### TO DO
Only the pictures are to be dropped; return all other data below exactly.

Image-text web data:
==========

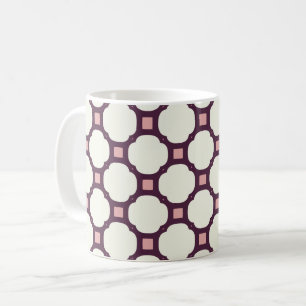Taza De Café Geométrico 009 neutro y rosa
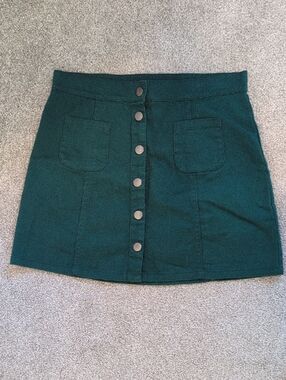 Harlow Forest Green Button-Front Mini Skirt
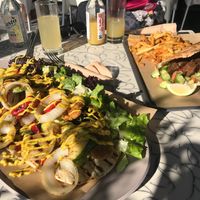 Vegan Kebab and Souvlaki - huge portions. „They dont do small“ 😋 at The Forest in Oroklini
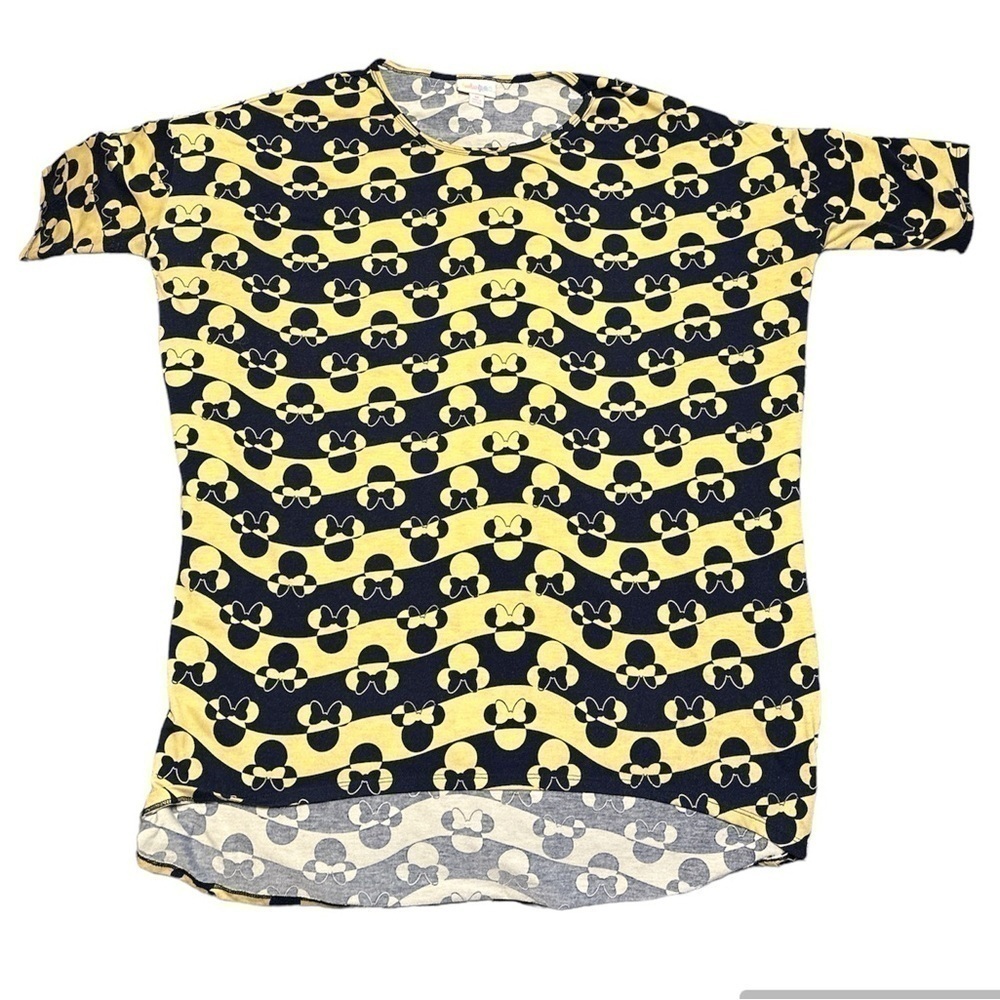 LulaRoe Disney Irma Minnie Mickey Mouse Black/Gold High Low Print Size M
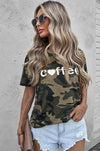 Coffee Graphic Camo Tee Women's T-Shirts - Tophatter Daily Deals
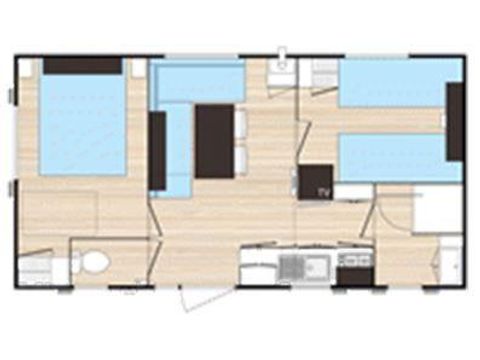 Stacaravan 6 personen - Stacaravan PRIVILEGE Dimanche - 2 kamers - 40m² terras inbegrepen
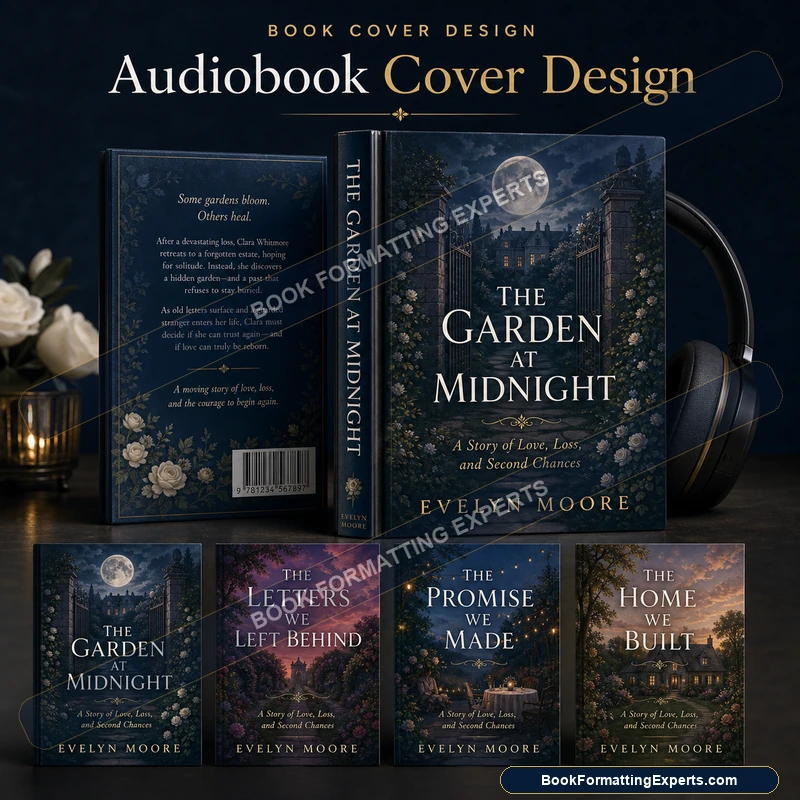 Audiobook cover design sample by Book Formatting Experts showing a type-led square audio cover
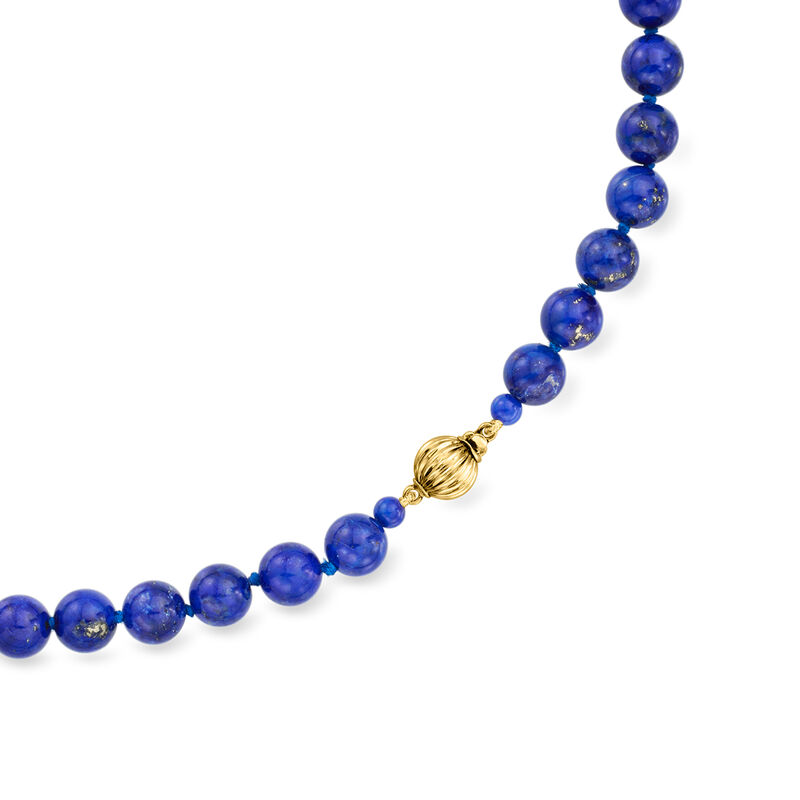 C. 1980 Vintage 5mm Cultured Pearl and 8mm Lapis Bead Necklace with 14kt Yellow Gold. 32&quot; image number 2
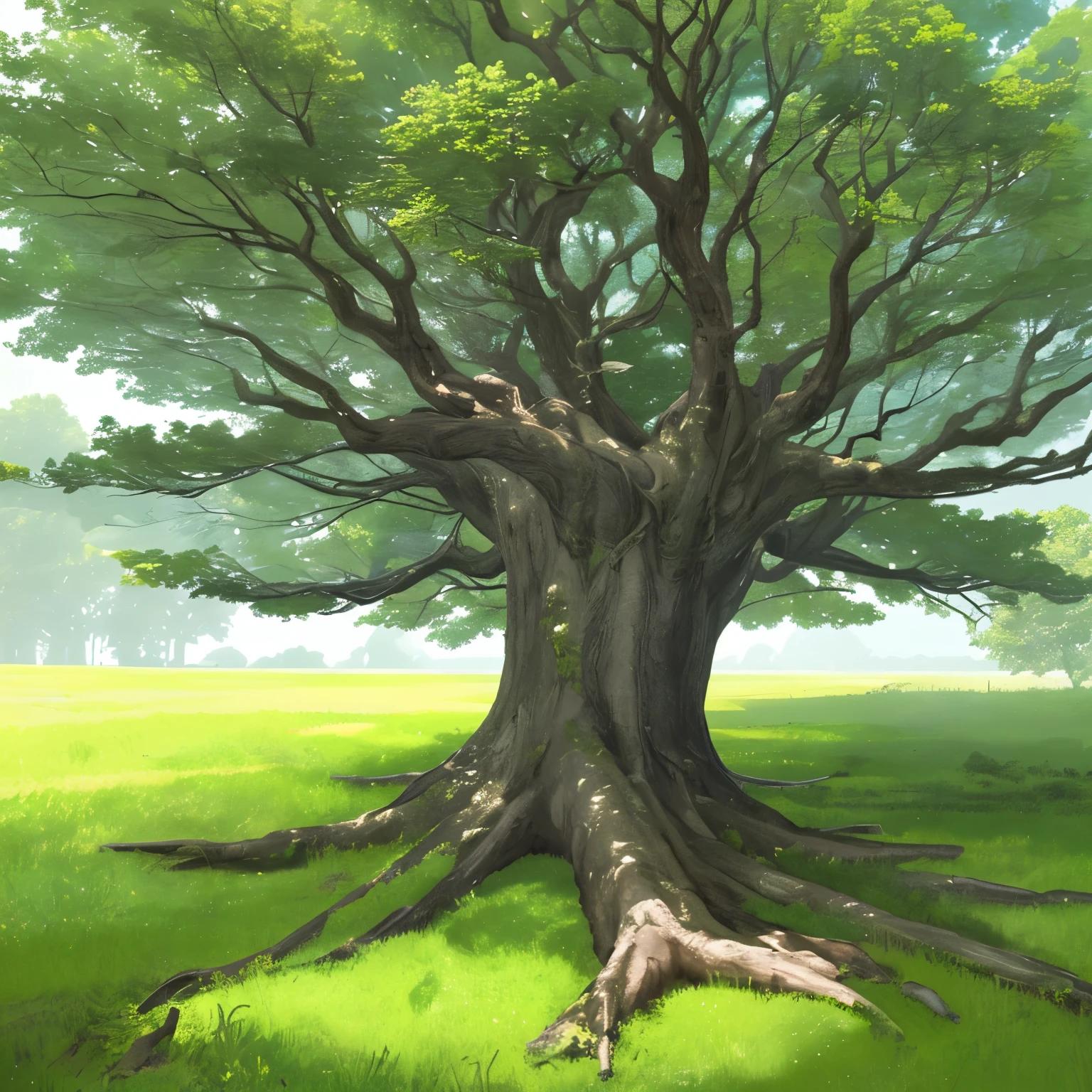 a single big tree on a middle of the ground
Landscape ,highly detailed 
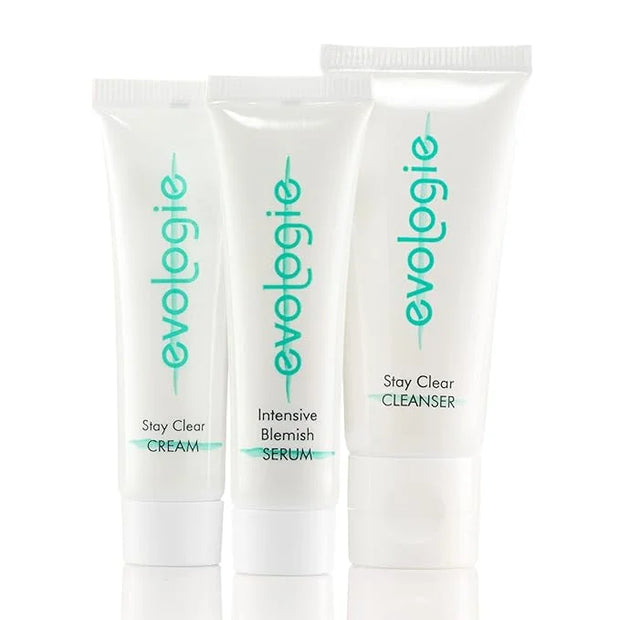 Evologie Stay Clear Starter Kit - Includes Stay Clear Cleanser, Intensive Serum, and Stay Clear Cream Moisturize - Skin Ca...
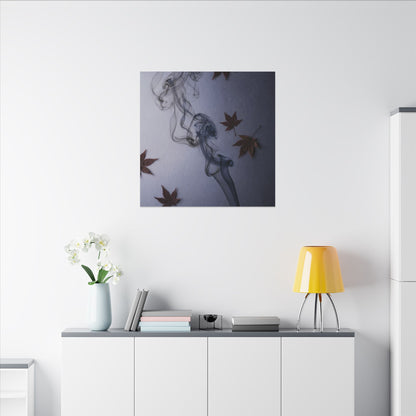 Dark Japandi Incense Smoke in Dawn | Moody Minimal Canvas Art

==========

### RESPONSE TO THE TASK
Taza De Café Geométrico 009 neutro y rosa
 Harlow Forest Green Button-Front Mini Skirt
 Vegan Kebab and Souvlaki - huge portions. „They dont do small“ 😋 at The Forest in Oroklini
 LulaRoe Disney Irma Minnie Mickey Mouse Black/Gold High Low Print Size M
 Coffee Graphic Camo Tee Women's T-Shirts - Tophatter Daily Deals
 Stacaravan 6 personen - Stacaravan PRIVILEGE Dimanche - 2 kamers - 40m² terras inbegrepen
 Audiobook cover design sample by Book Formatting Experts showing a type-led square audio cover
 C. 1980 Vintage 5mm Cultured Pearl and 8mm Lapis Bead Necklace with 14kt Yellow Gold. 32&quot; image number 2
 a single big tree on a middle of the ground
Landscape ,highly detailed 
 Evologie Stay Clear Starter Kit - Includes Stay Clear Cleanser, Intensive Serum, and Stay Clear Cream Moisturize - Skin Ca...
 Dark Japandi Incense Smoke in Dawn | Moody Minimal Canvas Art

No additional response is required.